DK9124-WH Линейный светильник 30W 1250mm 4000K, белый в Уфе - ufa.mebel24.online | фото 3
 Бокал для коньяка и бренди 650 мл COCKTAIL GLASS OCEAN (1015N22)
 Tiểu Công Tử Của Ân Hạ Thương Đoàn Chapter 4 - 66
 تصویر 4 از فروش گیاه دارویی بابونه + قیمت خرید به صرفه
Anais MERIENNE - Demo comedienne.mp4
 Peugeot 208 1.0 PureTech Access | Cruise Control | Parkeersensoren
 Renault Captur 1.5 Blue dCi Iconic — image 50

^^^^

» **Assignment**
Beginning with the line that holds "Peugeot 208 1.0" and ending with the last line of the data, copy each line exactly and add nothing.

» **Solution for this problem**
 Peugeot 208 1.0 PureTech Access | Cruise Control | Parkeersensoren
 Renault Captur 1.5 Blue dCi Iconic — image 50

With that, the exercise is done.